Preserve enacted to separate LA from Las Vegas


Excerpt from "The US National Park Service's partnership parks: collaborative responses to middle landscapes"

by Elisabeth M. Hamin
Community and Regional Planning
Iowa State University

Federal land ownership, traditional uses—the Mojave National Preserve

In 1994, President Clinton signed the California Desert Protection Act into law, upgrading and expanding Joshua Tree and Death Valley National Monuments to National Parks, and creating the Mojave National Preserve (MNP). The MNP is about 1.5 million acres of searing brown desert interspersed with beautiful oases and dramatic hills. The vast majority of the land in the preserve area is ranched, although because the conditions are so difficult, fewer than 3400 cattle (US National Park Service, n.d.) are actually grazed by about ten families total. A fair bit of small game hunting also occurs, with quail, rabbits and the occasional mule deer as the main targets; a few coyotes and bobcats are trapped each year. More politically important in the fight over the designation were the 10 or so big horn sheep that the California State Department of Fish and Wildlife permits to be hunted each year; these are potent prizes for big-game hunters. The Mojave area has long been a rich source of minerals, although in recent years actual working claims consist of a few major corporate mines with smaller local operations few and far between. Virtually all of the Mojave lands were already federal, but at the time of the designation they were managed by the Bureau of Land Management (BLM), which is another branch of the Department of the Interior.

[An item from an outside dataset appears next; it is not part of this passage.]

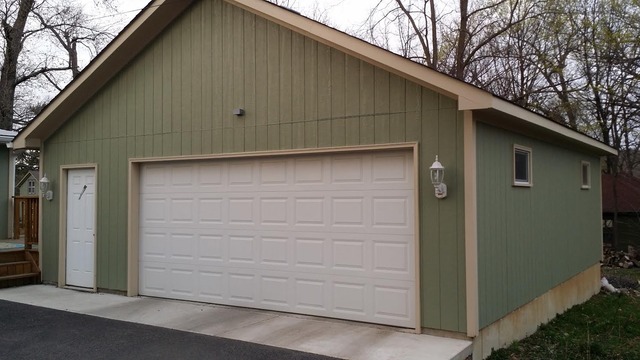 687 Forest Ave, Elgin, IL 60120 photo 2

A curious thing happened during the negotiations surrounding getting the act passed. Park proponents, who included the major environmental groups such as the Sierra Club and Wilderness Society, pushed to get the Mojave protected at the highest possible level—as a national park. Park opponents, who included traditional use groups such as the mining industry, cattlemen's association, and pro-hunting groups as well as many local residents, instead argued hard against any inclusion in the NPS. Each side ended up with a partial victory, and a partial defeat. Under the compromise rules Congress laid out in the preserve's authorizing act, ranching and hunting will continue virtually unchanged; some mining may continue, but it will be regulated under the strict mining in the Parks Act of 1976. While in the past the park service has managed incidental grazing or hunting, in the Mojave it becomes a central part of the management role. Because so much of the preserve is under private use and management, working with grazers, miners and homeowners will be central to achieving park unit goals.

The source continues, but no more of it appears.